The United States has reportedly been operating a covert offshore oil-transfer network near the Strait of Hormuz, employing tactics long associated with Iran to maintain the flow of Gulf crude despite Tehran's blockade of the strategic waterway.
The operation, which began in early May, involves transferring oil between vessels off the coasts of Oman and the United Arab Emirates before loading it onto larger tankers for export, according to Reuters, which cited shipping data, satellite imagery, and over a dozen sources familiar with the arrangements.
The report estimates that approximately 90 million barrels of crude oil and petroleum products may have moved through the offshore network since early May, though this remains well below the roughly 20 million barrels that passed through the strait daily before the conflict.
At least 92 ships have participated in this operation, which relies on vessels traveling with transponders switched off and lights dimmed—methods commonly used by Iran's so-called "dark fleet" to evade sanctions and conceal cargo movements.
The transfer network emerged after Iran effectively shut access through the Strait of Hormuz during the conflict, disrupting one of the world's most critical energy chokepoints.
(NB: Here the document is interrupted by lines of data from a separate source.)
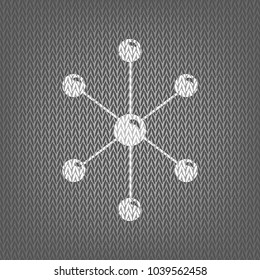 Molecule sign illustration. Vector. White knitted icon on gray knitted background. Isolated.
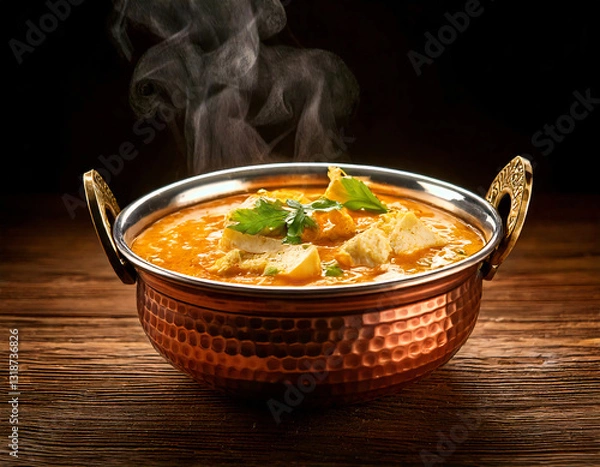 Obraz  A steaming bowl of shahi paneer 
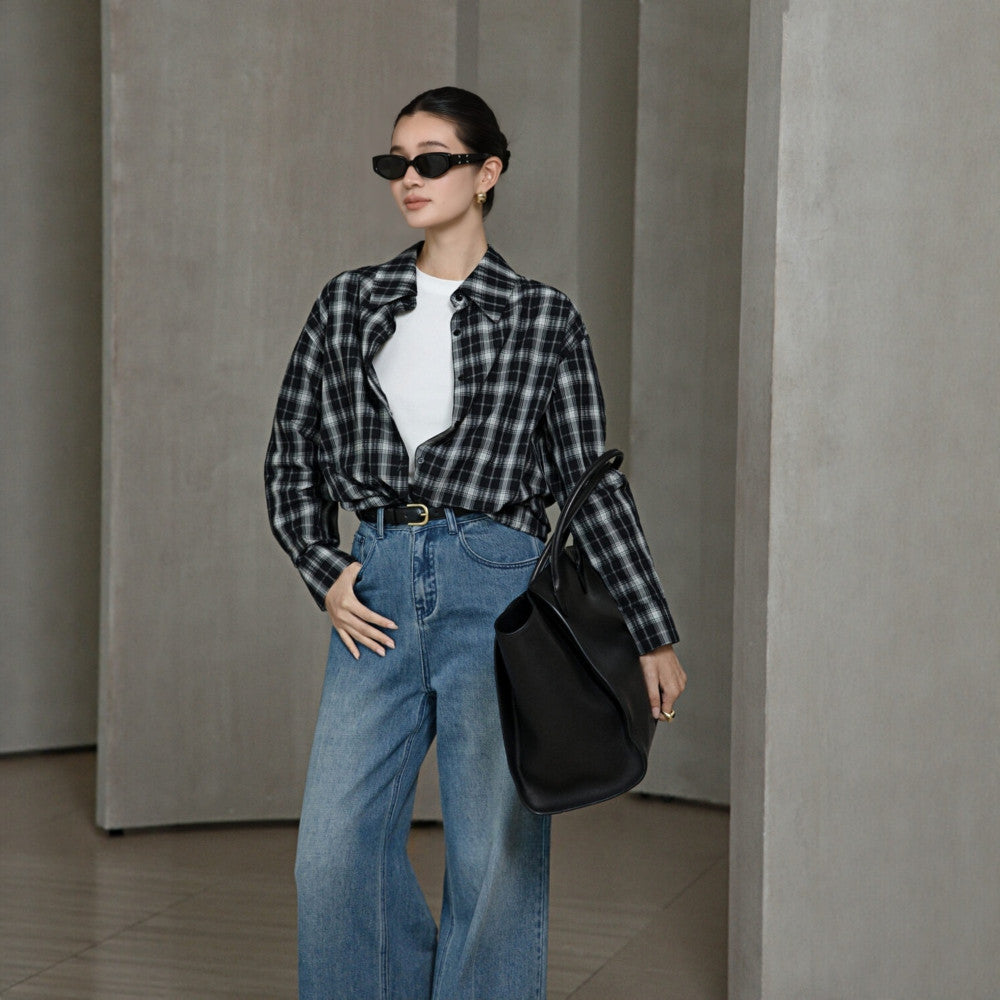 Retro Money Feng Shui Ink Grid Loose Collar Long Sleeve Shirt Collar Top Women s Cotton Autumn Winter Shirt 4008 image 8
The waterway typically handles around a fifth of global oil consumption.
Sources told Reuters that the US military has coordinated surveillance, compliance screening, and transit monitoring for participating vessels, though there was no indication that American personnel were directly involved in the transfers themselves.
The operation has enabled Gulf producers to continue exporting crude despite heightened security risks, but analysts warned the system remains vulnerable. "You just don't know when Iran might just decide to start using drones or even gunboats in order to prevent even those ships from transiting the strait," said Noam Raydan, a senior fellow at the Washington Institute who reviewed Reuters' findings.
The use of tactics previously associated with sanctioned states also drew attention from foreign policy observers. "As the old rules weaken, it's ironic that the United States is now taking a page out of the playbook of China, Russia, North Korea, and even Iran, whose so-called 'dark fleets' pioneered these techniques precisely to evade U.S. and UN sanctions," wrote Michael Froman, president of the Council on Foreign Relations, in a note.